The Clifton Park CBOC is staffed by doctors, mental health specialists and some volunteers.There are social workers on staff, an on-site pharmacist, along with physicians who specialize in tele-medicine, which is a practice that allows patients to meet with doctors via a computer screen instead of face-to-face.

Through tele-medicine, the VA clinics can connect patients with doctors all over the country who work in the VA system.The clinic will also offer patients the option of meeting with doctors by using a smart-phone.

However, veterans have to go elsewhere for surgical procedures.
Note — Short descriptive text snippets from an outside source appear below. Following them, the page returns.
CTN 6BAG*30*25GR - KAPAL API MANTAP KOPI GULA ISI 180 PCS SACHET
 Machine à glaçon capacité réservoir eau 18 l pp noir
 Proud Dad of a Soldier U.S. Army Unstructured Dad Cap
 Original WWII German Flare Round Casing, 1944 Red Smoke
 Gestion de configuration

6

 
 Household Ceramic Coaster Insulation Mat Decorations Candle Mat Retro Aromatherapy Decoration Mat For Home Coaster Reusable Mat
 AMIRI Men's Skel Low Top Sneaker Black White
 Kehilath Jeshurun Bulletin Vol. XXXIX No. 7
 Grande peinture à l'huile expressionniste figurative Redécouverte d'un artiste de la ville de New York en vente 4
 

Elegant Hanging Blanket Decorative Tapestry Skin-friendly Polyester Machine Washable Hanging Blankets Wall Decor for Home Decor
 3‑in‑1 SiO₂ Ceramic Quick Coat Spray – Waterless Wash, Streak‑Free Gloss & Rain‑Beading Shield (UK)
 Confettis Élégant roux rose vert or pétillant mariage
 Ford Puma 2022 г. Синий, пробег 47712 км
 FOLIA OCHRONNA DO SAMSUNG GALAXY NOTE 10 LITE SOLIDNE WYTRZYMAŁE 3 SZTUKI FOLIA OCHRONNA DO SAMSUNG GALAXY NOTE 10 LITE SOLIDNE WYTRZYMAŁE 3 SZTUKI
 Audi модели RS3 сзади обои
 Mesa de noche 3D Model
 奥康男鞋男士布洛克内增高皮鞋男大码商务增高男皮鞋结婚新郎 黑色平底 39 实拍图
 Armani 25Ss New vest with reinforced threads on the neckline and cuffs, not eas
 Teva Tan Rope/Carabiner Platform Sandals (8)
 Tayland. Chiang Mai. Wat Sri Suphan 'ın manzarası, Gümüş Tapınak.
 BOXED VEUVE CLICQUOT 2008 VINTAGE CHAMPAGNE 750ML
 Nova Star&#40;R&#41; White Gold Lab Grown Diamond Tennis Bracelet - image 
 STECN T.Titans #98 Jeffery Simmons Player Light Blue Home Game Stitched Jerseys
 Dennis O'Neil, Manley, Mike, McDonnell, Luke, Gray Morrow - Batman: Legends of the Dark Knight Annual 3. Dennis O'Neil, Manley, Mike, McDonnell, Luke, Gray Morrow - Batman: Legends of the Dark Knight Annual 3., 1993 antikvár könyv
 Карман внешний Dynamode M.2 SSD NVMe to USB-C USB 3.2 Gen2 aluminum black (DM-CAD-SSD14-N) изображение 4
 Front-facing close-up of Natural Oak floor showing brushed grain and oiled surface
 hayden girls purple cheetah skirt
Darlene DeLancey, interim director of the Albany Stratton VA Medical Center, paid a visit to the facility in Clifton Park on Friday afternoon as the doctors and patients celebrated the one-year anniversary.

DeLancey said the fact that she has had many members of her family serve in various branches of the military means that veterans are never far from her mind. 

"When I see a veteran, I appreciate what they do every day," she said, addressing the veterans who had gathered for the anniversary celebration. "I wouldn't be doing what I do everyday if it were not for you."

Even though it's been a year since the clinic opened, DeLancey said that the ribbon-cutting was important and necessary to show veterans in the area that they have an option they can utilize that's just down the road.

She also lauded the staff at the Clifton Park CBOC for being vigilant in providing personalized services to each patient. 

"You're giving good quality, safe care to the veteran population that you serve," she said.